University of Otago students and teachers (from left) Tim Currie, Blake Hornblow, Millie...
University of Otago students and teachers (from left) Tim Currie, Blake Hornblow, Millie Mannering, Katie Nelson, Gretchen McCarthy, co-ordinator Dr Anna Wood, co-ordinator Prof Steve Wing, Yuta Tamberg and Joe Curtis are turning a Portobello site on Otago Peninsula into a living laboratory as well as a habitat restoration project. PHOTO: GUY FREDERICK
The University of Otago has started planting Crown land on Otago Peninsula as it creates an outdoor classroom to study native ecosystems.
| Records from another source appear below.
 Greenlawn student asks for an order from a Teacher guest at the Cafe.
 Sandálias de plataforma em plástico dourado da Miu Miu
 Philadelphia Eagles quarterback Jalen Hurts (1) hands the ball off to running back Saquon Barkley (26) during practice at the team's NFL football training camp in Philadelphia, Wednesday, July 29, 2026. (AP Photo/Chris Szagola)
The planting, undertaken in conjunction with the Otago Peninsula Biodiversity Group and Save the Otago Peninsula, will cover some of the 19ha of land the university leases, primarily to access the nearby Portobello Marine Laboratory.
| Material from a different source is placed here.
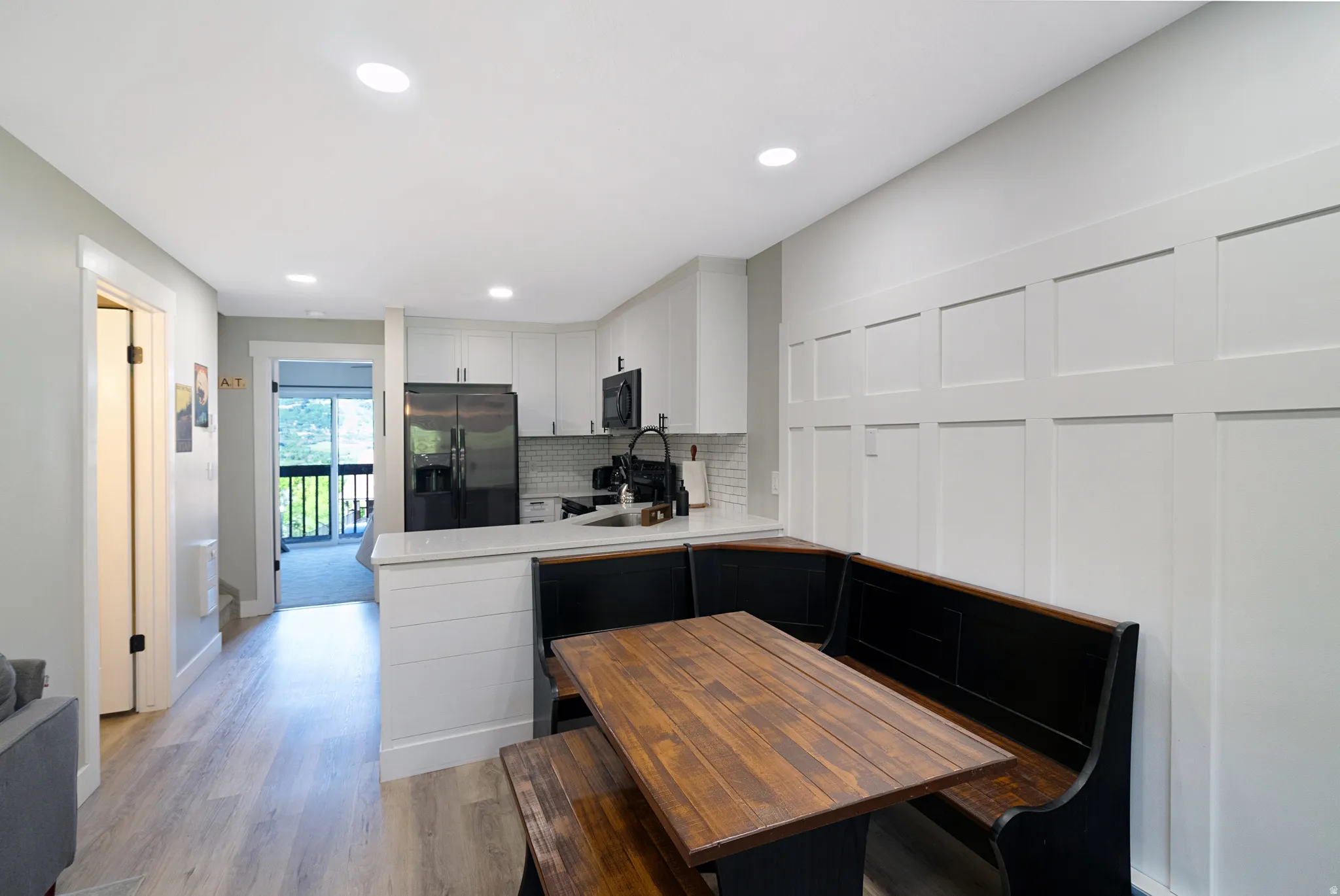 Modern kitchen area featuring light wood-finish flooring, recessed lighting, and a board and batten accent wall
From next year, Prof Steve Wing and Dr Anna Wood will lead an ecology paper on site, "ecology and the conservation of diversity".

"The vision is to restore the coastal habitat to a healthy state," Prof Wing said yesterday.
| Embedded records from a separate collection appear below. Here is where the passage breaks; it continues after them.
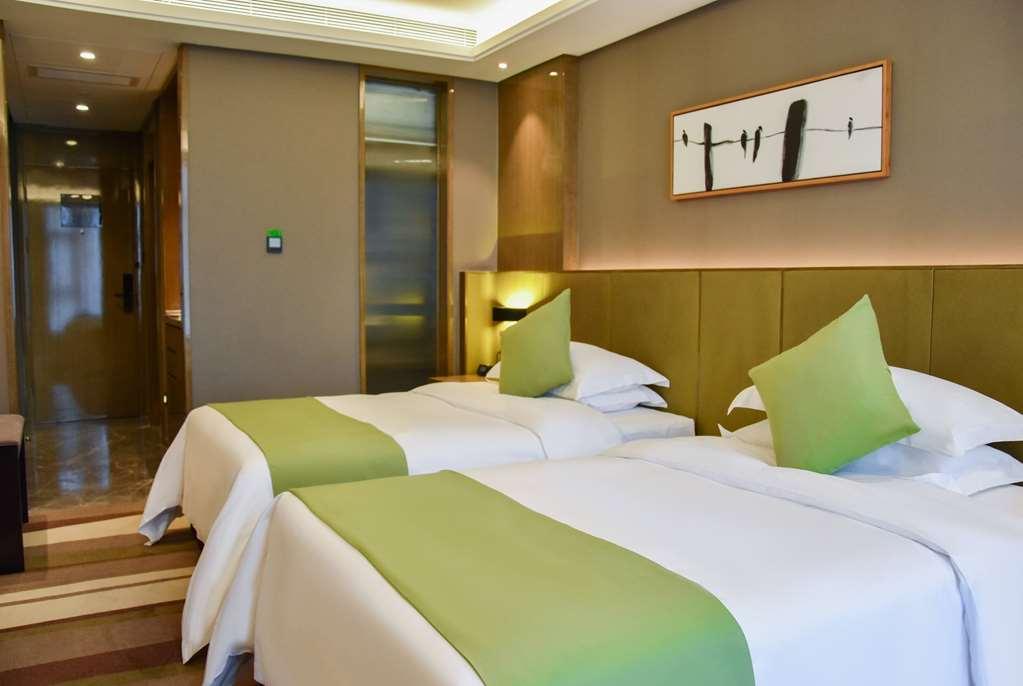 Leshan Ramada Hotel Quarto foto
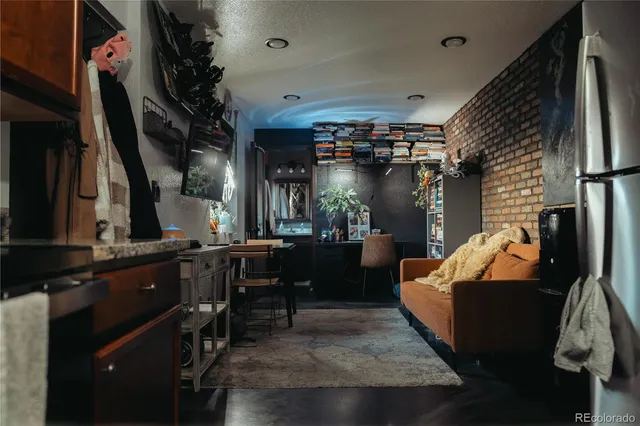 a living room with furniture a flat screen tv and kitchen view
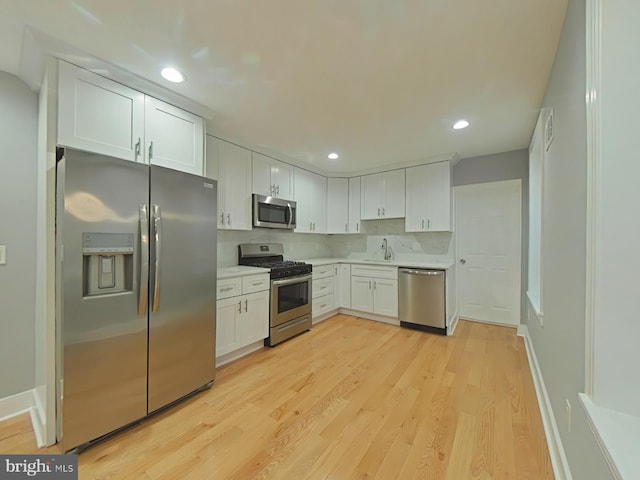 kitchen with white cabinetry, sink, stainless steel appliances, light hardwood / wood-style floors, and decorative backsplash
But there was a series of goals, he said.

One of those was to use the habitat that students created as a field laboratory.

Prof Wing said one of the principles of ecology was diverse ecosystems were more productive.

"Diversity allows us to basically survive environmental change," he said. "Plus diversity is just cool."

The programme allowed for about 1200 plants a year to be planted in the area over the next two years.

There would be about a dozen species planted including 75 kahikatea and 65 totara, but some of the smaller species including Coprosma propinqua were of particular interest.

Not only did the dense native shrubs provide habitat for native fauna on the peninsula, it was understood the plants created buffers in temperatures, important for microclimates, Prof Wing said.

At the heart of the programme would be intense monitoring of the area. Everything from pest incursions to temperatures across the site would be scrutinised.

One focus of the paper would be the connections between a changing ocean and coastal ecosystems, Prof Wing said.

Automated temperature sensors dispersed over the area would provide data that would be compared to the daily water temperatures measured at the wharf, to determine any impacts on ecological productivity and biodiversity, he said.